Record set Start Marker

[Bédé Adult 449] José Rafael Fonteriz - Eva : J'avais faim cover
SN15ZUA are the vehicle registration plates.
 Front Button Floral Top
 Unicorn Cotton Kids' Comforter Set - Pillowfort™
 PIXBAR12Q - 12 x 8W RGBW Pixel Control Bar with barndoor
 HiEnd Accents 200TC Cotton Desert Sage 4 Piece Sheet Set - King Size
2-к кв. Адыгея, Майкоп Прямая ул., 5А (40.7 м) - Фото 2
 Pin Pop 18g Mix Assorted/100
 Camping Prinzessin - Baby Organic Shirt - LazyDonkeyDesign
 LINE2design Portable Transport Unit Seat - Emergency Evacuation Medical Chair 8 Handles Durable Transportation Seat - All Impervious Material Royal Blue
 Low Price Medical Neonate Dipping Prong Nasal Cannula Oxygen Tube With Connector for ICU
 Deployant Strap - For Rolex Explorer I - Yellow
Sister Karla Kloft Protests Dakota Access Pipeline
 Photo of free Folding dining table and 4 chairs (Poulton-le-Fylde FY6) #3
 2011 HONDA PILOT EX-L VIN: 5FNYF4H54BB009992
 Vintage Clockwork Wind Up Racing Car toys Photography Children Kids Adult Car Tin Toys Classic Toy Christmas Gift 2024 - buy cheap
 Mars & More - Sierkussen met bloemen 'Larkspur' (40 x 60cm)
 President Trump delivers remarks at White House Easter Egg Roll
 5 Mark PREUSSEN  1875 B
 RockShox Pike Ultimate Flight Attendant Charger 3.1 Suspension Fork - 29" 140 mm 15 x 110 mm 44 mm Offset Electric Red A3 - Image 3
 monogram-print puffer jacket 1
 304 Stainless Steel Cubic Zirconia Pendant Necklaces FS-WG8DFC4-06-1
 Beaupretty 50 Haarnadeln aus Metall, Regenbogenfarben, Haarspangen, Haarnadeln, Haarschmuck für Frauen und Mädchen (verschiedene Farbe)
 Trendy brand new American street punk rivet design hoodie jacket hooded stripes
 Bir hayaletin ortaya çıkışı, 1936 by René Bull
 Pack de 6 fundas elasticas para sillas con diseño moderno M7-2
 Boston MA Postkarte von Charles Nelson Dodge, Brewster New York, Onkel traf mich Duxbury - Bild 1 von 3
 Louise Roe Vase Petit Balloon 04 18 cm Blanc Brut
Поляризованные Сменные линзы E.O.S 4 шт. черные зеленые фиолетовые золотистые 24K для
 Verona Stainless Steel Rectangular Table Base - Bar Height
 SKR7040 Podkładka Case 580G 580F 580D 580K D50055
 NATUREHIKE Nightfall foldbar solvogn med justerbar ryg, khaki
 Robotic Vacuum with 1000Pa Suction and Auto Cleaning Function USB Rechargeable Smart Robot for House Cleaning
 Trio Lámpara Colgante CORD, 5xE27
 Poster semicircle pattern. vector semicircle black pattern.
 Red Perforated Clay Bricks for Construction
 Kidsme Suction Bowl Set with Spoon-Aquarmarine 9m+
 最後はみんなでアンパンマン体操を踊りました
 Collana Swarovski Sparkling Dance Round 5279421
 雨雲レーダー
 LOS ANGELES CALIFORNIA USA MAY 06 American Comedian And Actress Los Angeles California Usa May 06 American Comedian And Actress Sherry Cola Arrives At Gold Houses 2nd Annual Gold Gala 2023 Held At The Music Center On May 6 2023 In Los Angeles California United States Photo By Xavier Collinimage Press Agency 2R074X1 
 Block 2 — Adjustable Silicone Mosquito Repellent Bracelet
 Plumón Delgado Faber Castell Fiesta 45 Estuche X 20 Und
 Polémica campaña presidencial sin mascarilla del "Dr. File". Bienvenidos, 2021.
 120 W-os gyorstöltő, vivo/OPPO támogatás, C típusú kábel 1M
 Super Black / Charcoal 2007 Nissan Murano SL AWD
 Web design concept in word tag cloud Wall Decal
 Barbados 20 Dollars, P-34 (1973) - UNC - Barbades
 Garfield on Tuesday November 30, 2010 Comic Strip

Record set End Marker

Please quote the records above exactly, without skipping a line.

Reply to the exercise
[Bédé Adult 449] José Rafael Fonteriz - Eva : J'avais faim cover
SN15ZUA are the vehicle registration plates.
 Front Button Floral Top
 Unicorn Cotton Kids' Comforter Set - Pillowfort™
 PIXBAR12Q - 12 x 8W RGBW Pixel Control Bar with barndoor
 HiEnd Accents 200TC Cotton Desert Sage 4 Piece Sheet Set - King Size
2-к кв. Адыгея, Майкоп Прямая ул., 5А (40.7 м) - Фото 2
 Pin Pop 18g Mix Assorted/100
 Camping Prinzessin - Baby Organic Shirt - LazyDonkeyDesign
 LINE2design Portable Transport Unit Seat - Emergency Evacuation Medical Chair 8 Handles Durable Transportation Seat - All Impervious Material Royal Blue
 Low Price Medical Neonate Dipping Prong Nasal Cannula Oxygen Tube With Connector for ICU
 Deployant Strap - For Rolex Explorer I - Yellow
Sister Karla Kloft Protests Dakota Access Pipeline
 Photo of free Folding dining table and 4 chairs (Poulton-le-Fylde FY6) #3
 2011 HONDA PILOT EX-L VIN: 5FNYF4H54BB009992
 Vintage Clockwork Wind Up Racing Car toys Photography Children Kids Adult Car Tin Toys Classic Toy Christmas Gift 2024 - buy cheap
 Mars & More - Sierkussen met bloemen 'Larkspur' (40 x 60cm)
 President Trump delivers remarks at White House Easter Egg Roll
 5 Mark PREUSSEN  1875 B
 RockShox Pike Ultimate Flight Attendant Charger 3.1 Suspension Fork - 29" 140 mm 15 x 110 mm 44 mm Offset Electric Red A3 - Image 3
 monogram-print puffer jacket 1
 304 Stainless Steel Cubic Zirconia Pendant Necklaces FS-WG8DFC4-06-1
 Beaupretty 50 Haarnadeln aus Metall, Regenbogenfarben, Haarspangen, Haarnadeln, Haarschmuck für Frauen und Mädchen (verschiedene Farbe)
 Trendy brand new American street punk rivet design hoodie jacket hooded stripes
 Bir hayaletin ortaya çıkışı, 1936 by René Bull
 Pack de 6 fundas elasticas para sillas con diseño moderno M7-2
 Boston MA Postkarte von Charles Nelson Dodge, Brewster New York, Onkel traf mich Duxbury - Bild 1 von 3
 Louise Roe Vase Petit Balloon 04 18 cm Blanc Brut
Поляризованные Сменные линзы E.O.S 4 шт. черные зеленые фиолетовые золотистые 24K для
 Verona Stainless Steel Rectangular Table Base - Bar Height
 SKR7040 Podkładka Case 580G 580F 580D 580K D50055
 NATUREHIKE Nightfall foldbar solvogn med justerbar ryg, khaki
 Robotic Vacuum with 1000Pa Suction and Auto Cleaning Function USB Rechargeable Smart Robot for House Cleaning
 Trio Lámpara Colgante CORD, 5xE27
 Poster semicircle pattern. vector semicircle black pattern.
 Red Perforated Clay Bricks for Construction
 Kidsme Suction Bowl Set with Spoon-Aquarmarine 9m+
 最後はみんなでアンパンマン体操を踊りました
 Collana Swarovski Sparkling Dance Round 5279421
 雨雲レーダー
 LOS ANGELES CALIFORNIA USA MAY 06 American Comedian And Actress Los Angeles California Usa May 06 American Comedian And Actress Sherry Cola Arrives At Gold Houses 2nd Annual Gold Gala 2023 Held At The Music Center On May 6 2023 In Los Angeles California United States Photo By Xavier Collinimage Press Agency 2R074X1 
 Block 2 — Adjustable Silicone Mosquito Repellent Bracelet
 Plumón Delgado Faber Castell Fiesta 45 Estuche X 20 Und
 Polémica campaña presidencial sin mascarilla del "Dr. File". Bienvenidos, 2021.
 120 W-os gyorstöltő, vivo/OPPO támogatás, C típusú kábel 1M
 Super Black / Charcoal 2007 Nissan Murano SL AWD
 Web design concept in word tag cloud Wall Decal
 Barbados 20 Dollars, P-34 (1973) - UNC - Barbades
 Garfield on Tuesday November 30, 2010 Comic Strip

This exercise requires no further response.